━━━━━ DATASET CONTENT ━━━━━

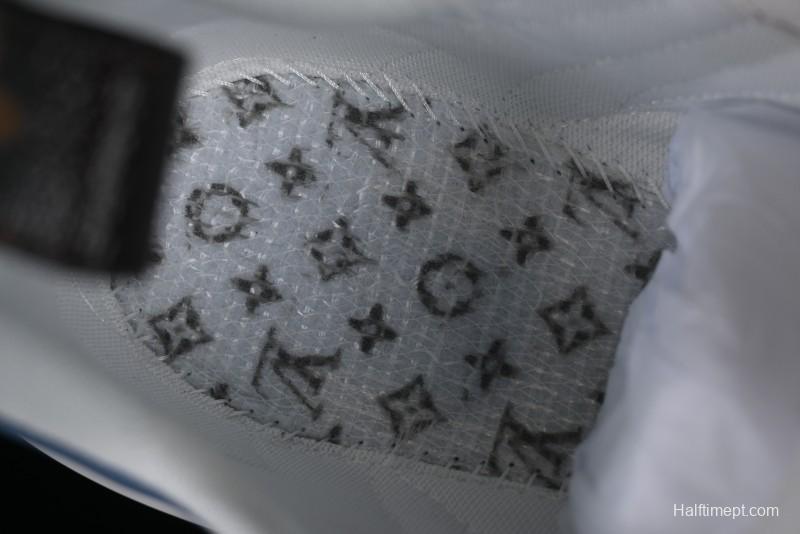 Louis Vuitton Archlight Sneakers with Wave-shaped Sole and Oversized Tongue - MBJ0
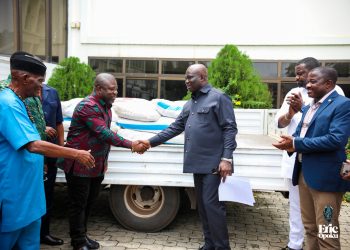 Minister Distributes free Fertilizers to Farmers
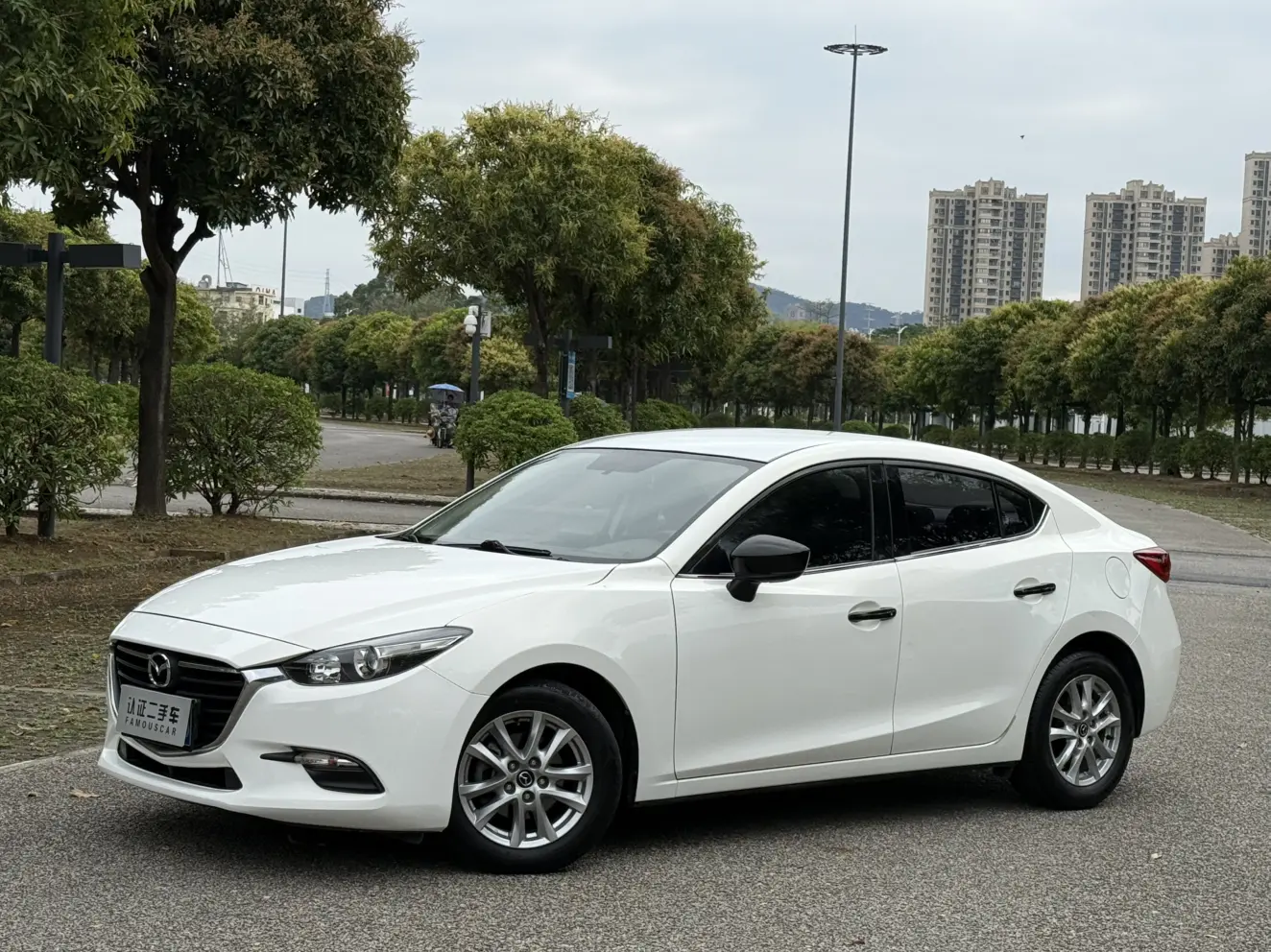 Mazda Axela (Mazda3)  из Китая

━━━━━

WORK INSTRUCTIONS: Could you copy the listing exactly, leaving out any pictures?

RESULT OF THE TASK:
 Louis Vuitton Archlight Sneakers with Wave-shaped Sole and Oversized Tongue - MBJ0
 Minister Distributes free Fertilizers to Farmers
 Mazda Axela (Mazda3)  из Китая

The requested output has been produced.